Zahran Alloush, backed by Saudi Arabia and considered by the West to be a “moderate”, told his followers near Damascus, “The jehadists will wash the filth of the rafida [an anti-Shia slur] from Greater Syria, they will wash it forever, if Allah wills it.” This is the character of the rebellion. Glass’ assessment of the current impasse is bleak: “The war has reached the stage at which many on both sides no longer regard the others as humans let alone as citizens of a country in which all must coexist.”

Old-style journalists, Erlich and Glass know Syria well. They have spent long periods drifting about, making friends, and enjoying the social worlds that they encounter. Neither feel the lash of a corporate media industry, pushing them to file breaking news and ignoring the density of social life and the passions of the people.

Glass wrote a lyrical book about his journey through Syria in 1987, Tribes With Flags (1990), in which he introduces us to his friends, the Aleppo hotelier Krikor Mazloumian, the people of Yusuf Basha, the Damascenes such as Sehem Turjuman and Hani al Raheb. There is deep love here for the people he encounters and writes about. Glass returns to Syria throughout the civil war, meeting his old contacts and friends. They remain committed to the complexity of Syria, many of them from minority groups who did not always see themselves as minorities but as a part of Syrian culture.

Glass sits with Khalid Khalifa, the Aleppo-born novelist who wrote In Praise of Hatred (Madih al-karahiya, 2006), a novel that considers the conflict between the Syrian state and the Muslim Brotherhood. His most recent novel, No Knives in This City’s Kitchens (La Sakakin fi matabikh hadhini al-madina), is an indictment of the Baath rule.

Khalifa tells Glass, “Stop the war. Stop the blood. The Syrian people are tired now. You can play revolution for some time. But not for a long time.” This is the attitude captured by Erlich and Glass. It reveals a great deal more than the reports that track the minutiae of this battle and that battle.

Neither Erlich nor Glass sees an easy way out. Both are gloomy. The geopolitics does not allow it. Saudi Arabia, Turkey, Qatar and the West remain obdurate with their slogan, “Assad must go”, a recipe for the prolongation of the war. Iran and Russia will not allow the Syrian regime to collapse. No one can win this war.

Syria is ground down beneath these determinations. Omar Abdulaziz Hallaj, a wise and distinguished architect from Aleppo, runs the Syrian Initiative, a group that seeks to build grass-roots linkages inside Syria. He maintains hope.
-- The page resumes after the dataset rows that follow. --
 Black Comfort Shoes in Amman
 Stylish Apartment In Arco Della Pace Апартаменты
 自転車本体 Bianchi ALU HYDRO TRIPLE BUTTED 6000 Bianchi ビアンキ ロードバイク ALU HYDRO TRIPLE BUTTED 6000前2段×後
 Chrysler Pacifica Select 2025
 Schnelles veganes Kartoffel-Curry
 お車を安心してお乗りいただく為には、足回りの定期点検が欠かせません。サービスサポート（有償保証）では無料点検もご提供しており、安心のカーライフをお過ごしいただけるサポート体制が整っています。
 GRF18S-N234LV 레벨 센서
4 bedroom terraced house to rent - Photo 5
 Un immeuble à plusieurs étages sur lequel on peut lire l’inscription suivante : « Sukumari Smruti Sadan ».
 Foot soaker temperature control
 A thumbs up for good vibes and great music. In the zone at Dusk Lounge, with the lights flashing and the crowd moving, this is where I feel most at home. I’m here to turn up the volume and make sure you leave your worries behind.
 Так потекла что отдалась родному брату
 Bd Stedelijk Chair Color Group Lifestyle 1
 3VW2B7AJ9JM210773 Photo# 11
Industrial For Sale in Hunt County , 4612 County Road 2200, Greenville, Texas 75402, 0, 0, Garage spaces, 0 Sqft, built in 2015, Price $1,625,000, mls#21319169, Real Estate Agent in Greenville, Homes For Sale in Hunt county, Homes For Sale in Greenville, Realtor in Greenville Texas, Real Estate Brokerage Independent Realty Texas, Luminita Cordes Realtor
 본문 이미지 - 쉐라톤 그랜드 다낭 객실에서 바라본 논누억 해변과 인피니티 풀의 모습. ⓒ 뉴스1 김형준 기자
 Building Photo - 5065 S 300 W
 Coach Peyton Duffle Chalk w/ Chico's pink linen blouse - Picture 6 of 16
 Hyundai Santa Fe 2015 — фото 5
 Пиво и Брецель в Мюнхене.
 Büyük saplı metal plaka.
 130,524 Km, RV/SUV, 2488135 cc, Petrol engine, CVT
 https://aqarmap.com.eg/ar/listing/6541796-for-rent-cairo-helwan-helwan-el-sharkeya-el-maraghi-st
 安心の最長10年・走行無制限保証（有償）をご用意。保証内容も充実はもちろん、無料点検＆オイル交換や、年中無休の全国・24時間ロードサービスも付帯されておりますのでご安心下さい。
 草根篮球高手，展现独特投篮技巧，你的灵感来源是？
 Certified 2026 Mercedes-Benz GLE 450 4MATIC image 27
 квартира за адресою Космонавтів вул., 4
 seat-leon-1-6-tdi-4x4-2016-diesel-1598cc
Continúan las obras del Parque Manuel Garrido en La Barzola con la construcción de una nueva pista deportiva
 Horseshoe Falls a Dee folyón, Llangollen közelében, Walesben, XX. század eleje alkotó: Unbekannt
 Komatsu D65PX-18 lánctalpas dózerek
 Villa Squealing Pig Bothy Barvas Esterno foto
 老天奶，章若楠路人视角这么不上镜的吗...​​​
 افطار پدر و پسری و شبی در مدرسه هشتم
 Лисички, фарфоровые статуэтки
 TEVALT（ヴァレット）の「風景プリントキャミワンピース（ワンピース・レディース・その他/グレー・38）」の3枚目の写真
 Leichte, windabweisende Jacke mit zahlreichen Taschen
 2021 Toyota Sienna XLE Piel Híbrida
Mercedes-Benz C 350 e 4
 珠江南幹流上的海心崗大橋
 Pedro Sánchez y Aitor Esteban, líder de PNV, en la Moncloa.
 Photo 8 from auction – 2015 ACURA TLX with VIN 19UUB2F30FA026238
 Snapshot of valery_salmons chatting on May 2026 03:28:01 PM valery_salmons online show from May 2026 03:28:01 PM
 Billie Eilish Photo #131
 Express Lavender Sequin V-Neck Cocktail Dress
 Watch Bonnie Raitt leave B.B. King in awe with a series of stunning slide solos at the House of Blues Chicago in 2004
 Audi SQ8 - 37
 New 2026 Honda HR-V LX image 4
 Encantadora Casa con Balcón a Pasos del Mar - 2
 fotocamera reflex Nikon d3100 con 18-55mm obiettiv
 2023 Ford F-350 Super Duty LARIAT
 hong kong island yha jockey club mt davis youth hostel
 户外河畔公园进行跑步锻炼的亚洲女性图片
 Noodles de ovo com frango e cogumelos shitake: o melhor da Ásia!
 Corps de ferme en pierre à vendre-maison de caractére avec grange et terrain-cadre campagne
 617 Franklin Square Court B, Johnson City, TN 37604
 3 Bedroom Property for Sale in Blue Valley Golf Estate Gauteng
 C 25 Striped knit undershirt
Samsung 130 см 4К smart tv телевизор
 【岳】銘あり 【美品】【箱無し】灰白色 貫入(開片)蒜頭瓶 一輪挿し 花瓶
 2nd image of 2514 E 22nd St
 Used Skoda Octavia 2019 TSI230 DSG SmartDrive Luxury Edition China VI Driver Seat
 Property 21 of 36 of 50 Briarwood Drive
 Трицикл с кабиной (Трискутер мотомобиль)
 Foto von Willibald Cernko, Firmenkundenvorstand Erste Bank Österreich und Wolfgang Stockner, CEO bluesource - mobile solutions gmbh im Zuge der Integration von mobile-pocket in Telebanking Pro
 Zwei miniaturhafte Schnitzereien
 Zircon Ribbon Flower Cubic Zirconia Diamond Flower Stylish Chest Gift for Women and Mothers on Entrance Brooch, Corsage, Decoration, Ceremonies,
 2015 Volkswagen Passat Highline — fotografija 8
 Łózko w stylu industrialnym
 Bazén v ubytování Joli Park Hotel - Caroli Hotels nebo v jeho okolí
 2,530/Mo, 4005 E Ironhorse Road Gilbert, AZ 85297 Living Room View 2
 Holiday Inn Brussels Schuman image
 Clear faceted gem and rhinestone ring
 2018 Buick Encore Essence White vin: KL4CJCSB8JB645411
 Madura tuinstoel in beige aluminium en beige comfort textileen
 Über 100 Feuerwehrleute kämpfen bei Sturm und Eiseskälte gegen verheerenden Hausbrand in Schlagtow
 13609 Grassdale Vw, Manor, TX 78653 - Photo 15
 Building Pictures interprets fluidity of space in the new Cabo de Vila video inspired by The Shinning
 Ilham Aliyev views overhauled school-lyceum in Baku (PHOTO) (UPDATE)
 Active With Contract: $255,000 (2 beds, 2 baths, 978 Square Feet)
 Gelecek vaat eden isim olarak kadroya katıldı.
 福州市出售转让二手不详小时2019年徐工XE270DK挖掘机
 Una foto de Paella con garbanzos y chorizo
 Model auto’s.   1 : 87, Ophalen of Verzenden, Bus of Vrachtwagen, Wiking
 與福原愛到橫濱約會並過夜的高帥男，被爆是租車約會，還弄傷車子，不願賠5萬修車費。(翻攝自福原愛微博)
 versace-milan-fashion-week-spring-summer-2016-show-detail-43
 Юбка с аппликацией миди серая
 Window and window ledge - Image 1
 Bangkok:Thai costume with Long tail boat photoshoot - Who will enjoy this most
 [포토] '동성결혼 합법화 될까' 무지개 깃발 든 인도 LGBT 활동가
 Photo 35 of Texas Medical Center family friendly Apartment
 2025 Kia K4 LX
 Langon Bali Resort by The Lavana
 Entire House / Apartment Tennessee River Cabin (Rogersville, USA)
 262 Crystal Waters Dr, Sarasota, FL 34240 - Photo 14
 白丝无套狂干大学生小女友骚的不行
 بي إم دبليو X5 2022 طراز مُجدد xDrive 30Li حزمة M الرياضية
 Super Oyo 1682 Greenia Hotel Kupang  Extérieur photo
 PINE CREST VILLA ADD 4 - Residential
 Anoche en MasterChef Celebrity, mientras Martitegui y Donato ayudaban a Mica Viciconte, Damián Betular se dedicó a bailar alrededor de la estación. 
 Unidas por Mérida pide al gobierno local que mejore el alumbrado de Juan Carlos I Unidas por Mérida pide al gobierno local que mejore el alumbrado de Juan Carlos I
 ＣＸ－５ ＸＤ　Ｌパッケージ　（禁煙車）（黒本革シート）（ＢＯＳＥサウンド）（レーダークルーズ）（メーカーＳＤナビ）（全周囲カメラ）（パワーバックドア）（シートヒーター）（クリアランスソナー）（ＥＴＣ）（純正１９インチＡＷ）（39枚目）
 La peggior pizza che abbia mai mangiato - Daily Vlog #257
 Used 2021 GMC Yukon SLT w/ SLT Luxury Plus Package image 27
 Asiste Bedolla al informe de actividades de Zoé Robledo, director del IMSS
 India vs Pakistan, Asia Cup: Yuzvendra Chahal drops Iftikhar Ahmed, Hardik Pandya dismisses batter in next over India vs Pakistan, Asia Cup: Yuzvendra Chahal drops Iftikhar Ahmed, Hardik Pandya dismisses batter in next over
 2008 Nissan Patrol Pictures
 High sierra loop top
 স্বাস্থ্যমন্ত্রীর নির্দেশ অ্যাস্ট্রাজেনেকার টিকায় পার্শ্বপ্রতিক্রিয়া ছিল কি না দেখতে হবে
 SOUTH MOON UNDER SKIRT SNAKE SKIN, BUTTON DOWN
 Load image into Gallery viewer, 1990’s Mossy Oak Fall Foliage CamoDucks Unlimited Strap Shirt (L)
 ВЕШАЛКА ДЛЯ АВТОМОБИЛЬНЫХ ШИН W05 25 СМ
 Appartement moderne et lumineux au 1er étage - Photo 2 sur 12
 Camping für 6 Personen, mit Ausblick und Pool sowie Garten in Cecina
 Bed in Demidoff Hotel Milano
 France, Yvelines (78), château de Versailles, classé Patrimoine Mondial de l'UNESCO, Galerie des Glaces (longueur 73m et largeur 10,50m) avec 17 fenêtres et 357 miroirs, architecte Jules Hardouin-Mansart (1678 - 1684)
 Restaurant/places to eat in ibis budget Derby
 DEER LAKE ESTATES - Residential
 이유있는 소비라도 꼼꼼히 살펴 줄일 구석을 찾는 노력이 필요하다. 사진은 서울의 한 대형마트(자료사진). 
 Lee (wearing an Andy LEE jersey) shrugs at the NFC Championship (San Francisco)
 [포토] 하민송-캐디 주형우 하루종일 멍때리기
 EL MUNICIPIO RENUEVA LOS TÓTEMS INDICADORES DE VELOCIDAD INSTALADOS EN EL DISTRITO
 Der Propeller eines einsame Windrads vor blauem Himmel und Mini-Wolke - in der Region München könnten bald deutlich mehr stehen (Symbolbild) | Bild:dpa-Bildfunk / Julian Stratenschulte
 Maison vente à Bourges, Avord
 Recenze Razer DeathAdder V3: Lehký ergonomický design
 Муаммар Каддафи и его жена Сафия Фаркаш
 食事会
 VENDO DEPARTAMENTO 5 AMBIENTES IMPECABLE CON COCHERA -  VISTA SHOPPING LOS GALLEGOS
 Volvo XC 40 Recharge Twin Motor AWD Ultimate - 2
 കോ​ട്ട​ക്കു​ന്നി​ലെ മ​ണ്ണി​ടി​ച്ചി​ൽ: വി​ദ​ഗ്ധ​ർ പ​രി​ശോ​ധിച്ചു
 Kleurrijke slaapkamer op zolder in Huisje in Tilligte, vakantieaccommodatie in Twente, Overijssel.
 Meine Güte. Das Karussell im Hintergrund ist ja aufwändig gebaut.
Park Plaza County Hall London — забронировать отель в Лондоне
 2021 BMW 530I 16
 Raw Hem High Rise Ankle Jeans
“Peace in Syria,” he recently wrote, “will need sustainable roots. It must be built from the bottom up; the top down process advocated in the Geneva Communique, can work only if it is supported by transforming the dynamic of the conflict on the ground.”

He is hard at work building trust through local ceasefires. People who live cheek by jowl will have to learn again to rely on each other. It takes people like Hallaj to create the basis for this, although even he is pessimistic. “The longer the war is prolonged,” he writes, “the smaller the window of opportunity may become.”